## WORK TO COMPLETE
Word for word, output the data that follows.

## PROVIDED MATERIAL
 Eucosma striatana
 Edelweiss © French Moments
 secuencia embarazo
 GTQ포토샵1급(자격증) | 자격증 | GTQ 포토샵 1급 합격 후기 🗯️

## YOUR RESPONSE
 Eucosma striatana
 Edelweiss © French Moments
 secuencia embarazo
 GTQ포토샵1급(자격증) | 자격증 | GTQ 포토샵 1급 합격 후기 🗯️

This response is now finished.